**What the task requires**
Everything from the line that contains "발렌타인 기념 말차손톱 가져라~💚 https://t.co/5xGATnrY5W" through the last line below should be transcribed exactly, except the pictures.

[Task data Boundary: Start]

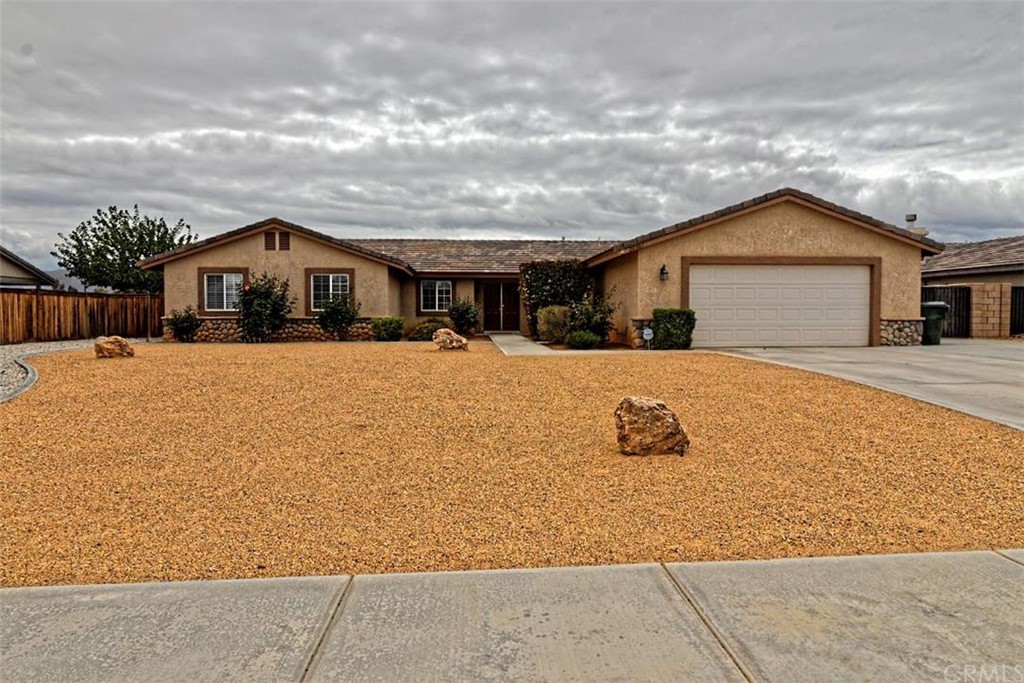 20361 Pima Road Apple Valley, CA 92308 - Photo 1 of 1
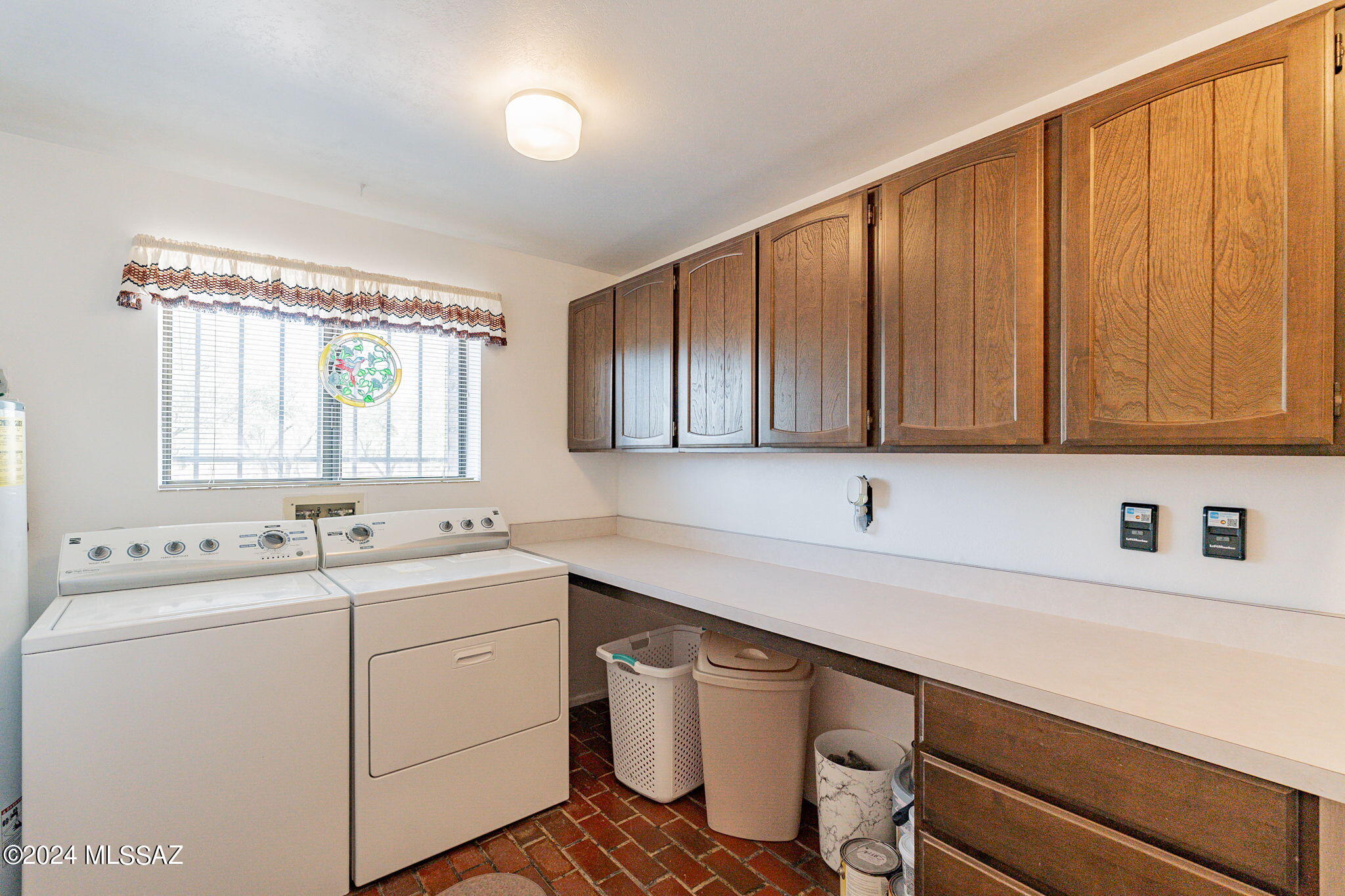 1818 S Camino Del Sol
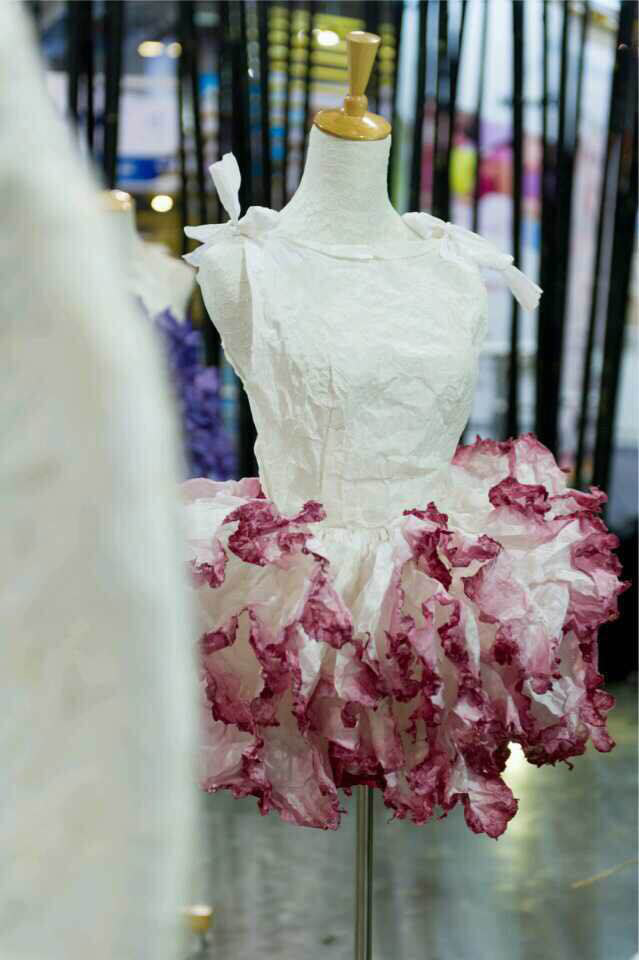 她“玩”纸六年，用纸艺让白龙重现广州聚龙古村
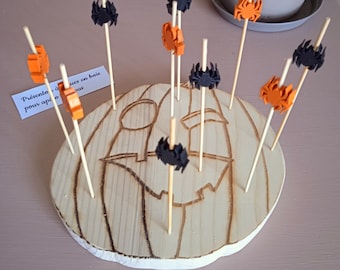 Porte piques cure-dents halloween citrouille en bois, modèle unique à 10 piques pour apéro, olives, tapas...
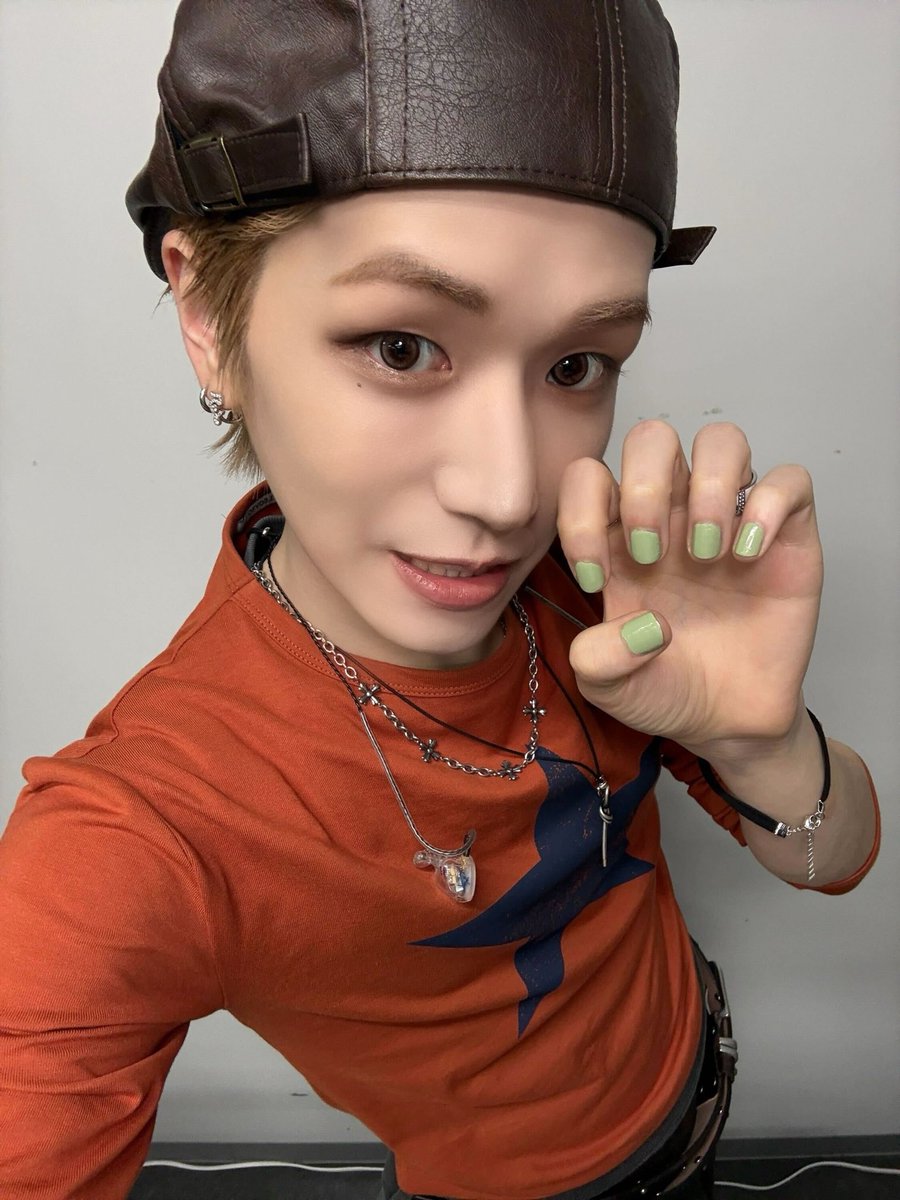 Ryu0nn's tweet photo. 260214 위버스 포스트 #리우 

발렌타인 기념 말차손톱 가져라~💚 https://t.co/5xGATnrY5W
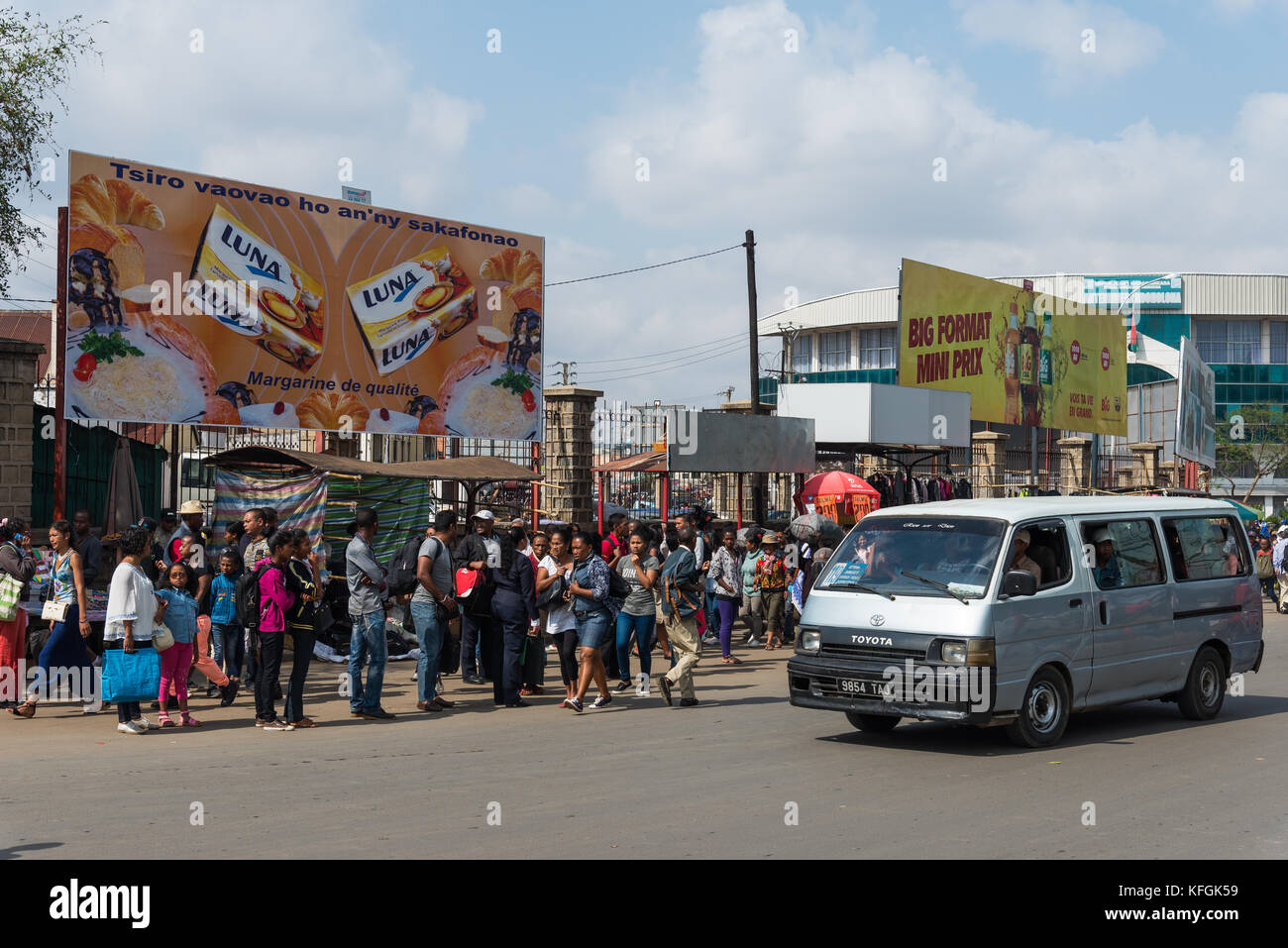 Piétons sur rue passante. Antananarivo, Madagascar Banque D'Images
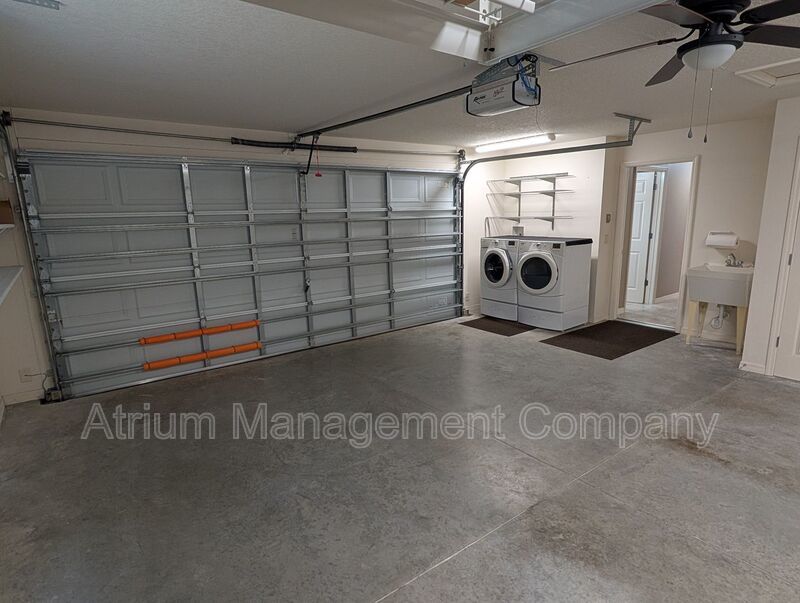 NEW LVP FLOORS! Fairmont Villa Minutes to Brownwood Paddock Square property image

[Task data Boundary: End]

**Your solution**
발렌타인 기념 말차손톱 가져라~💚 https://t.co/5xGATnrY5W
 Piétons sur rue passante. Antananarivo, Madagascar Banque D'Images
 NEW LVP FLOORS! Fairmont Villa Minutes to Brownwood Paddock Square property image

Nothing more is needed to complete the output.